Un point de vue partagé par trois groupes parlementaires de la gauche italienne, qui ont proposé début mars que l’Italie achète légalement de l’opium produit en Afghanistan pour le transformer en médicaments anti-douleur afin de "couper l’herbe sous le pied" aux talibans et aux trafiquants, mais qui se heurte à deux écueils : l’écart entre l’offre et la demande et le prix de vente, comme l’expliquait il y a quelques mois Alain Labrousse dans un entretien à Swaps sur la culture de l’opium en Afghanistan (n° 43). En outre, la stratégie du Conseil de Senlis pour mener son lobbying sur l’usage médical de l’opium peut se révéler contre-productive : elle ne prend en compte ni le rythme ni les programmes des partenaires présents en Afghanistan (décideurs politiques et opérateurs locaux, institutions internationales et ONG étrangères).

VIH/sida et hépatite C
En l’absence d’un système de surveillance épidémiologique, les données les plus significatives proviennent du centre de dépistage anonyme et gratuit (CDAG) de Kaboul, qui a ouvert ses portes en septembre 2005. De cette date à octobre 2006, le CDAG déclare avoir testé 464 usagers de drogues, avec 102 résultats positifs pour l’hépatite C et 14 pour le VIH.
[Communication orale, novembre 2006]



1 C’est la période de la fameuse affiche de MDM : "Quand un pays ne soigne pas les femmes, c’est le pays qu’il faut soigner".

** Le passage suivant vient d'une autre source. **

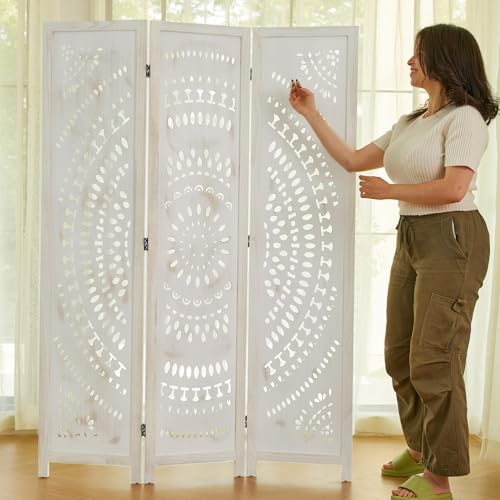 Wood Carved Folding Room Divider Screen 6 Panels D356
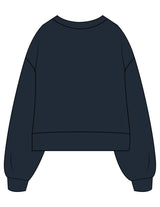 The Womens Heavyweight Crop - Navy - Skulpt Lagree - Left Chest - Printed - Bone
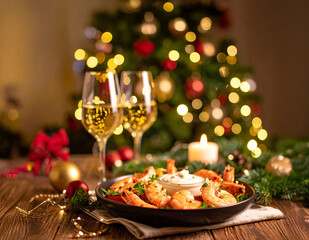 crevettes grillées, sauce et verre de vin, ambiance de fêtes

2 Pour donner une idée de l’ampleur de ces mouvements, rappelons que 2,8 millions de réfugiés Afghans sont rentrés des camps du Pakistan depuis 2002, et qu’il en reste toujours 2,4 millions...
3 La monnaie locale.
4 L’Union européenne, par exemple, a ainsi donné plus de un milliard d’euros sur la période 2002-2006 et prévoit une enveloppe supplémentaire de 600 millions d’euros pour 2007-2010.
5 Pour n’en citer qu’un seul, voir le texte de F.-X. Dudouet,
"De la régulation à la répression des drogues",
paru dans les Cahiers de la sécurité intérieure (n°52, deuxième trimestre 2003).